There are two of you, after all: an executive pair for your private well-being investment. Even if you occasionally get the heebie-jeebies that you are not living within your means - and who does, anyway? - you figure it will all work out. Besides, your husband or wife is taking care of balancing the chequebook, right? It's nice, to use a cozy, sleepy word, that feeling that everything - you, the kids, your present, your future - is all being taken care of, which, come to think of it, is one of the reasons you got married in the first place.
My advice? Even if you are blissfully wed, have a dry run at divorce because one of the most positive aspects of the process, shocking and frightening as it can be, is the financial wake-up call. You have to strip naked. All assets, debts and liabilities are laid out for all to see - including a third party, which is why one divorce lawyer I know once told me that he would never look at anyone's luxury lifestyle with unmitigated envy again. He has seen how much debt families carry to "afford" their fancy accoutrements.
But just as important is the stripping away of the thick layer of expectation, assumption, denial and power that is often part of our relationship with money in marriage. Money is used as power in divorce, but at least you see it for what it is. The romantic stardust has scattered.
Let me sprinkle some reality.
A Bay Street man I know, now divorced, used to get a weekly allowance from his wife to spend on lunch and transit.
She was in charge of the family's pocketbook, partly because he didn't have the time or inclination to do it, and also because, as a stay-at-home mom, she felt she was taking a burden from him and contributing in a meaningful way to their future fiscal stability. Still, it was clear that by holding the purse strings she was playing him like a puppet.
In my marriage, undertaken at a young age, my husband insisted that I deposit my paycheque into a joint account. He then gave me a percentage of my earnings every month to spend as I wished. I complied for a few years. I thought it was about love, co-operation and shared futures, not control.
Then I became a stay-at-home mom with three children and a small freelance income. But even when I was in control of my earnings, I would lie about how I spent it. I hid new purchases and would say a $300 dress cost "Oh, really cheap" if he asked. Why? Guilt. I didn't really know how much household money came and went. He paid all the bills, so I felt incapable of making financial decisions I could defend. When we divorced, I was completely in the dark about what we owned and owed.
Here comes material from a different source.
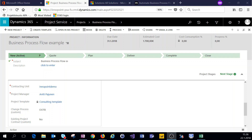Hey everyone and welcome to this video. As of Dynamics 365 version 8.2, each business process flow has been an entity of its own. What this means is that we can now interact with business process flows through workflows, for example. One of the questions that usually comes up is how to advance in a business process flow from one stage to another based on a field value.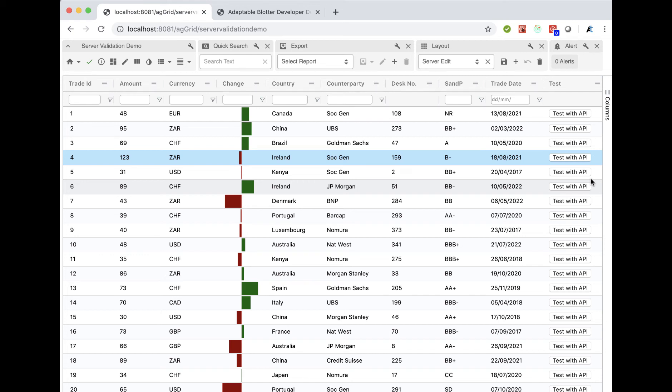Following the recent use case demos we've done of audit and updated rows and action columns, we had another interesting use case come up in the last couple of days which I thought would be worth doing a video for, because it shows some of the hidden power in the Adaptable Blotter.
Stacy Schneider, a trial lawyer in New York who has written the book He Had It Coming: How to Outsmart Your Husband and Win Your Divorce, believes marriage encourages couples to suspend common sense about joint finances. In her first marriage, which lasted five years, she discovered "tens of thousands of dollars of bonus money my husband was getting every year that I had never enjoyed the fruits of."
"Even the most savvy professional lets the financial end of marriage fall away because we don't want to think practically when we are married," she confides in an interview.
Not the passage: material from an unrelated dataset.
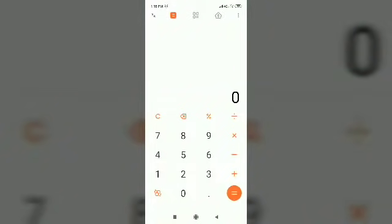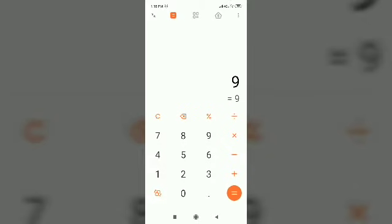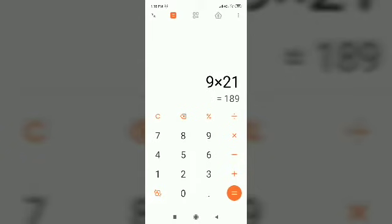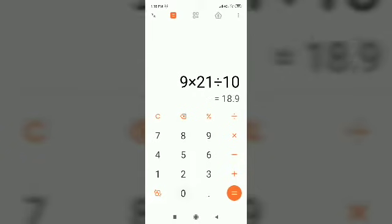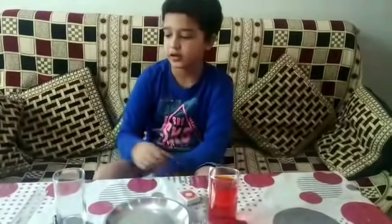Now, we have to find 21% of the height of the glass. The height of the glass is 9 cm. We have to find its 21%: 9 multiplied by 21 divided by 100 equals 1.89. So the 21% of the height of the glass is 1.89 cm.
It's unromantic to be concerned with numbers. And if you question your spouse about her handling of family resources, that could suggest you don't trust her. Cue the sobbing.
The great beauty about divorce - if you'll pardon my temporary enthusiasm - is that it demands a cold, calculated look at money, what you need, what you have and what you will have to do to secure your future. It creates the circumstances, refereed by professionals, for a practical discussion about money, something that is next to impossible in marriage. "For a lot of people, looking at the financial picture in a divorce situation is the first time in their lives, and certainly in their married lives, that they have done it," says Eva Sachs, founder of Women in Divorce Financial in Toronto. "It's about having to face it."
Busy family life can push financial housekeeping into the drawer, seldom to be tackled, financial experts say. But it's often fear that motivates many couples not to look too closely at their balance sheet.
Divorce forces them to face those fears. "The financial part of divorce starts out being highly emotional for men and women, but by really looking at the financial task at hand, it somehow turns that emotional energy into intellectual focus," explains Jane Tremblay, a financial consultant, based in Orillia, Ont., who specializes in divorce.
Her advice to lovebirds? "Even if people want to delegate the responsibility of financial management, they should not delegate their understanding of the financial situation."
Consultants recommend that married couples sit down every five or 10 years to look at their finances, to make sure goals are within target and still the same.
When you know what you have, you are empowered, in marriage or in divorce. Like other women I know, I found that the financial scrutiny that came with divorce made me finally grow up. I had to be completely responsible for myself and my children. Which is liberating, and a reality, albeit sometimes scary, that makes me more engaged in my private and professional life. I had been in an 18-year financial nap.